Putting It All Together: Full Python Script
import sys
import networkx as nx
def main(trace_file, output_dot):
blocks = parse_trace(trace_file)
G = build_cfg(blocks, trace_file)
# Add EXIT node
exit_node = 'EXIT'
G.add_node(exit_node)
for node in list(G.nodes()):
if node != exit_node and G.out_degree(node) == 0:
G.add_edge(node, exit_node)
# compute IPD using reversed graph
revG = G.reverse()
# need to ensure all nodes reachable from EXIT in reversed graph
idom = nx.immediate_dominators(revG, exit_node)
# map back to original nodes
ipd = {}
for node, dom in idom.items():
if dom != exit_node:
ipd[node] = dom
cdg = compute_cdg(G, ipd)
write_dot(cdg, output_dot)
if __name__ == '__main__':
main(sys.argv[1], sys.argv[2])
Usage: python build_cdg.py trace_cmd1.out cdg_cmd1.dot
Trend Connection: AI-Powered Malware Analysis
Just as AI models like GPT-4 are now used to generate code, they are also used to detect malware. Dynamic control dependence graphs feed into machine learning classifiers that identify malicious patterns.
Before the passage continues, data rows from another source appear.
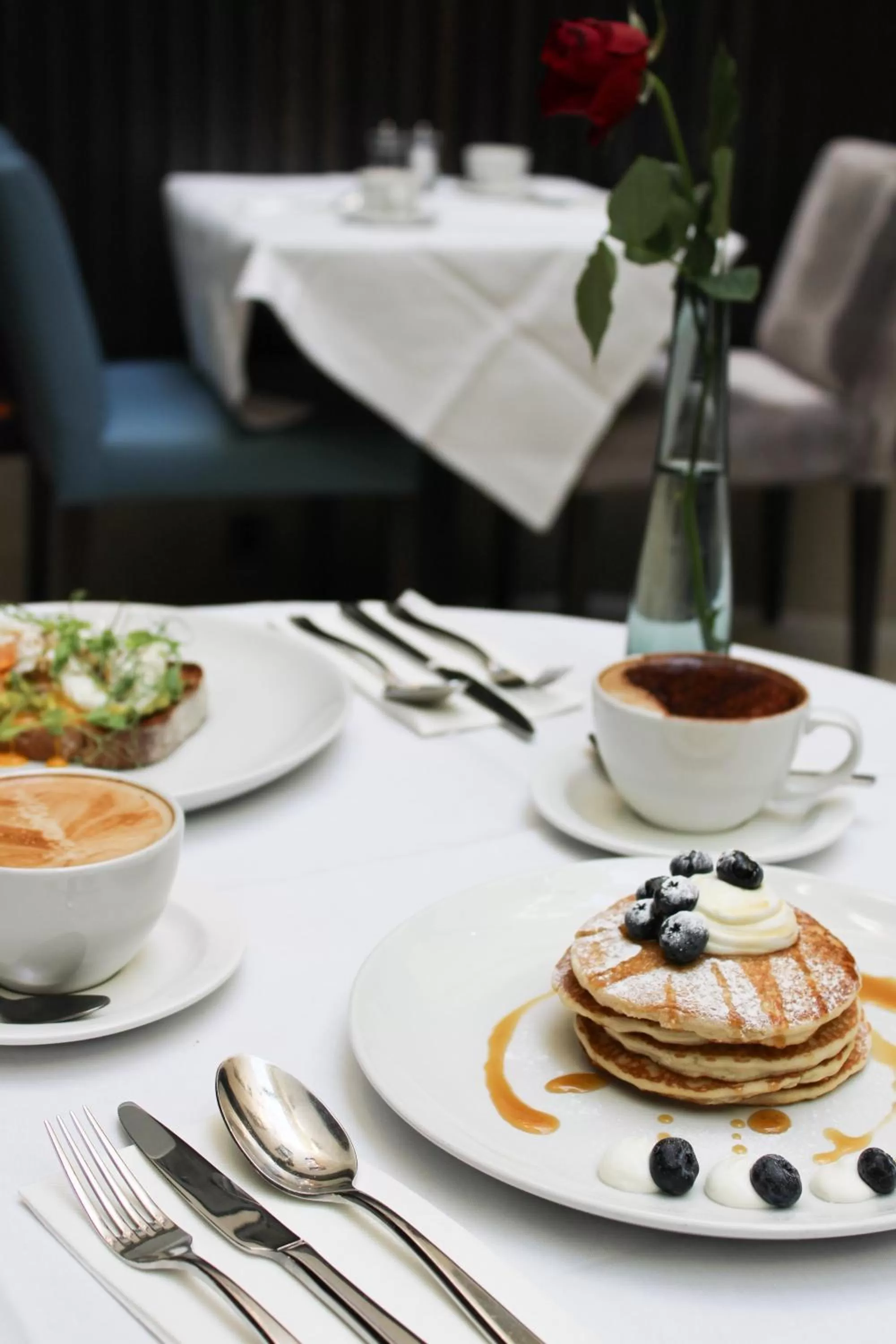 Restaurant/places to eat in One Warwick Park Hotel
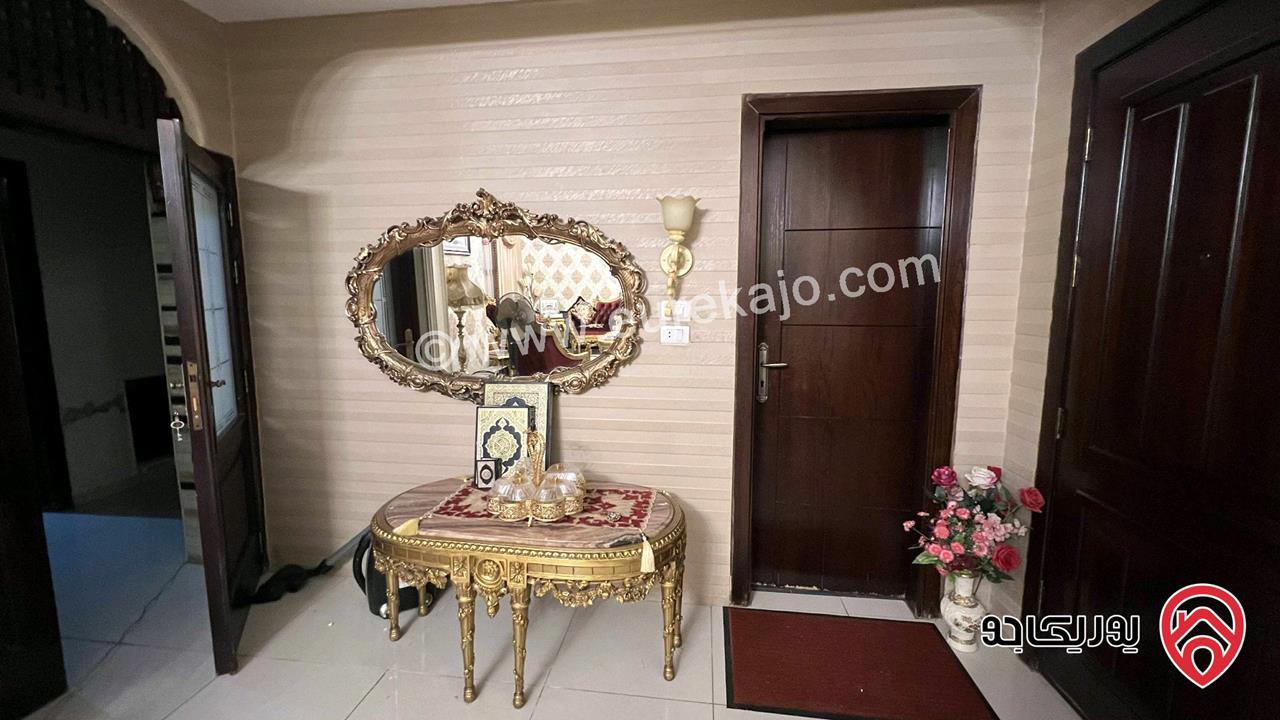شقة ارضيه فاخرة للبيع في عمان - جبيهة مساحة 200م + 90م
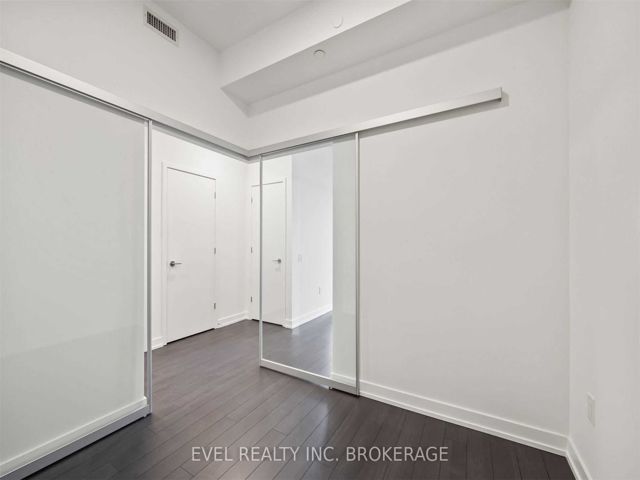 1210 - 39 Roehampton Ave
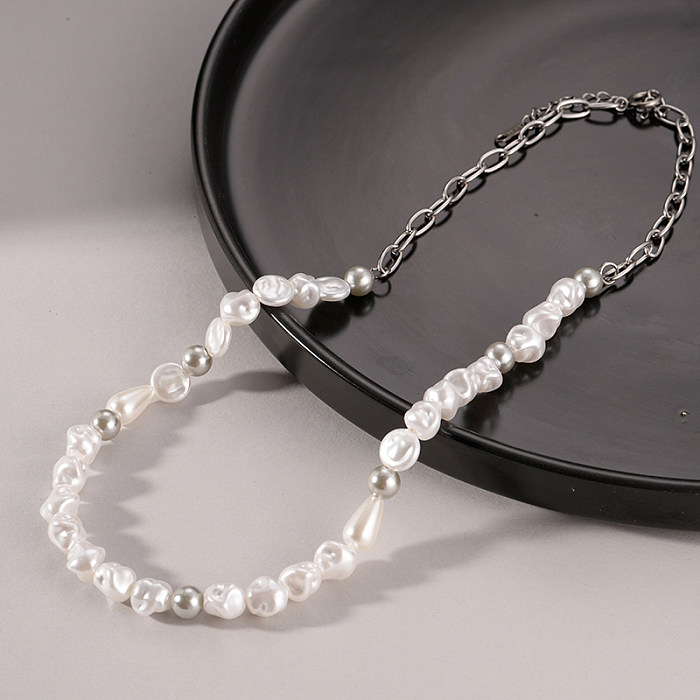 Elegante, romantische, moderne Halskette mit geometrischem Edelstahl-Perlenimitat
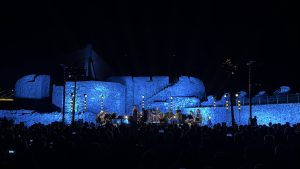 Το Πανεπιστήμιο Πατρών τίμησε τον Σταύρο Ξαρχάκο στη συναυλία που έδωσε ο μεγάλος Έλληνας Δημιουργός στο Κάστρο του Ρίου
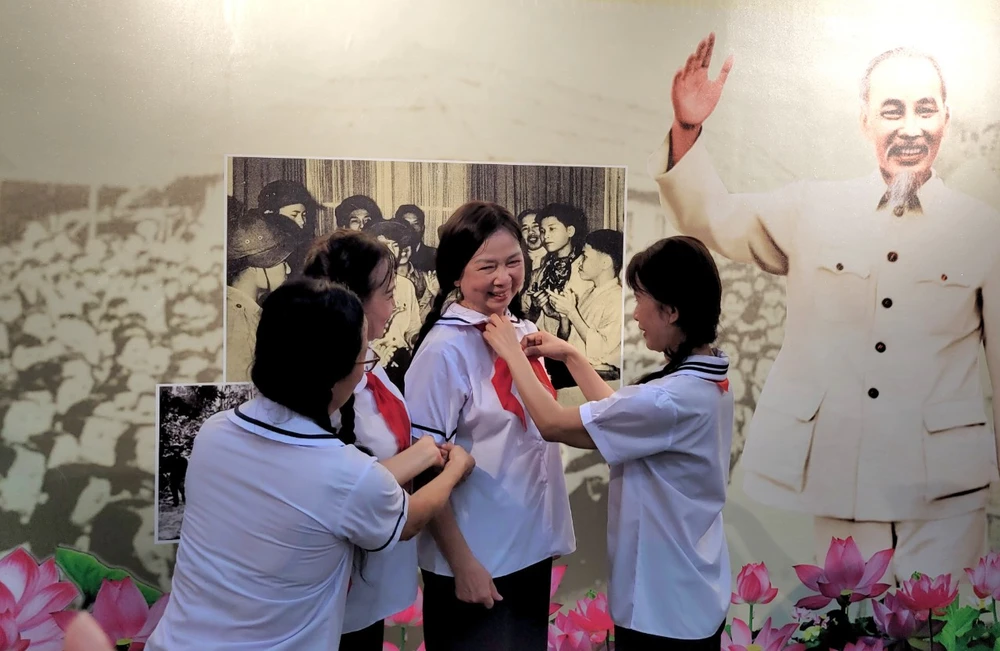 Những hình ảnh dễ thương được tái hiện tại chương trình hoc-sinh-mien-nam-tren-dat-bac13.jpg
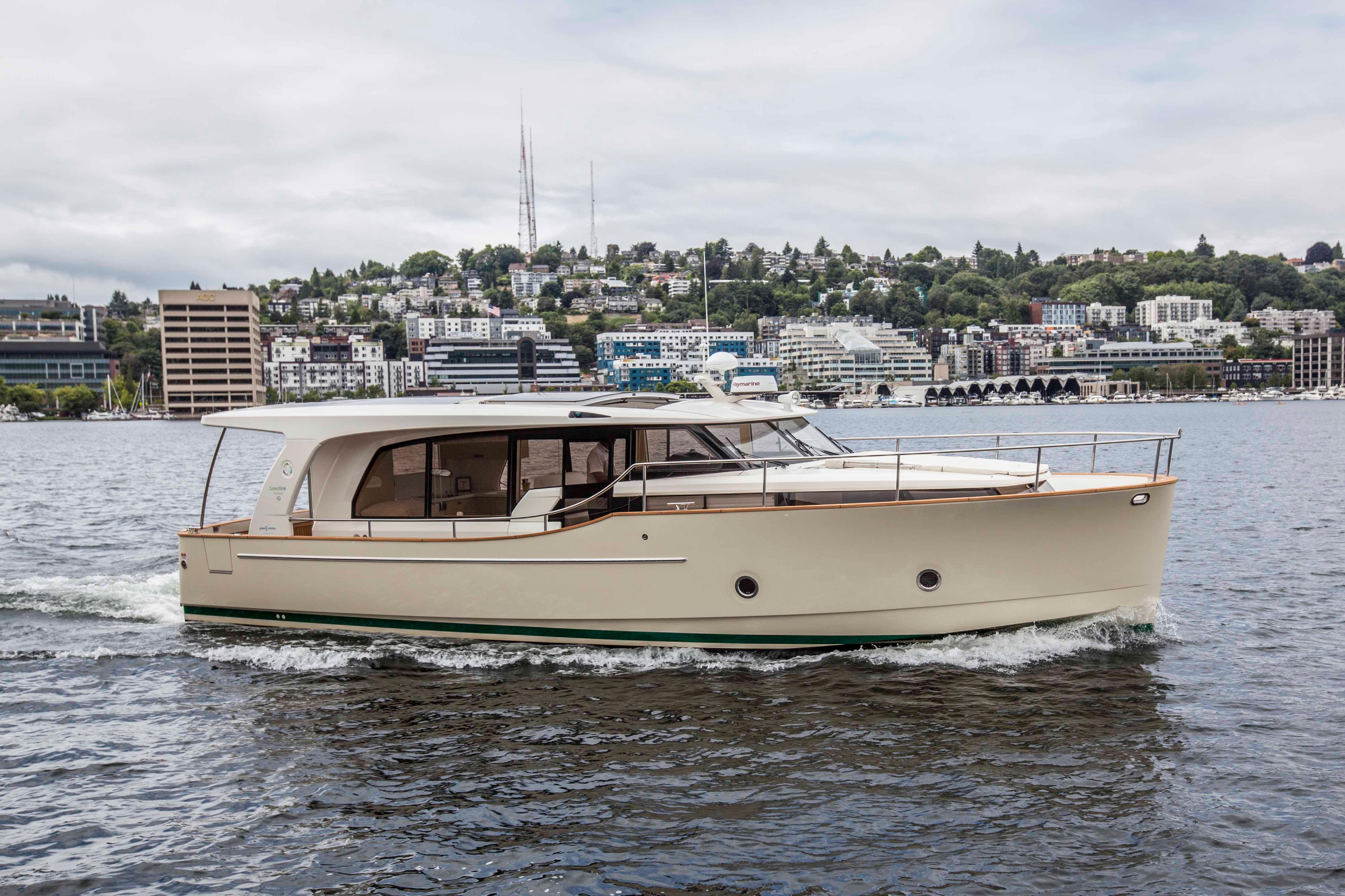 2014 Greenline 40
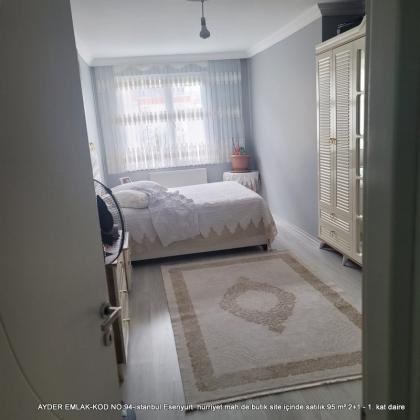 hürriyet mah de butik site içinde satılık 95 m² 2+1 - 1. kat daire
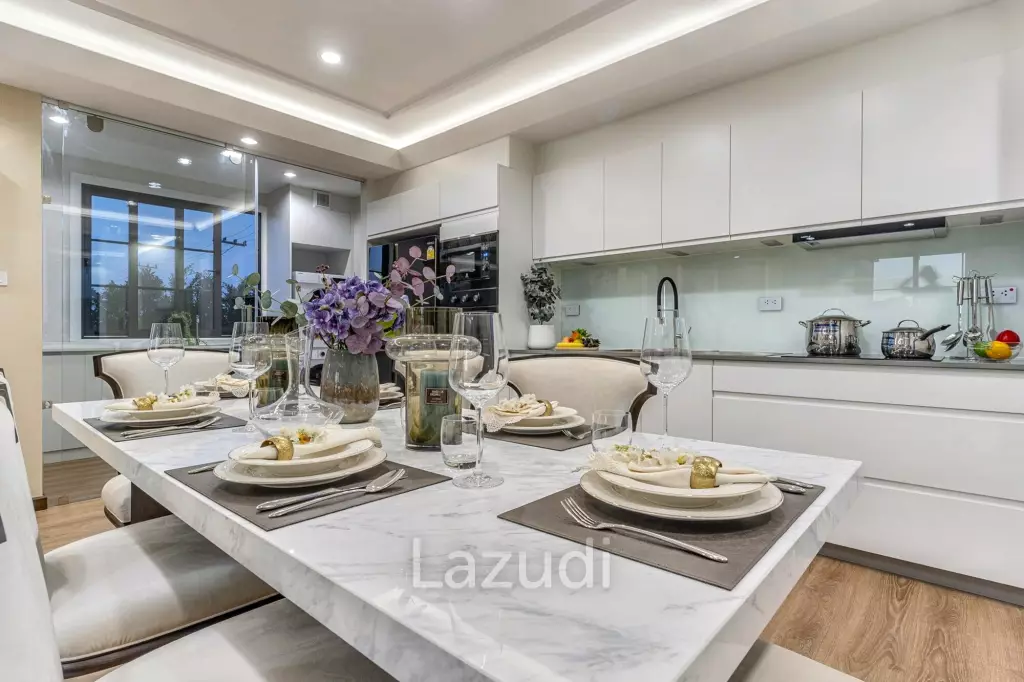 4 Beds 3 Baths 215 SQ.M Rungsii Village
Understanding how to build these graphs manually gives you insight into the features that AI models use—making you a more effective cybersecurity professional in an AI-driven world.
Conclusion
By combining a pintool for dynamic tracing with a Python post-processing script, you've built a dynamic control dependence analyzer. This tool reveals which C&C commands drive each part of the greencat malware, enabling precise reconstruction of attack steps. The same technique applies to any binary with obfuscated control flow. In future labs, you might extend this to perform program slicing or integrate with Ghidra for visualization.
Key takeaway: Dynamic analysis with control dependence is a powerful weapon in the fight against malware—use it wisely.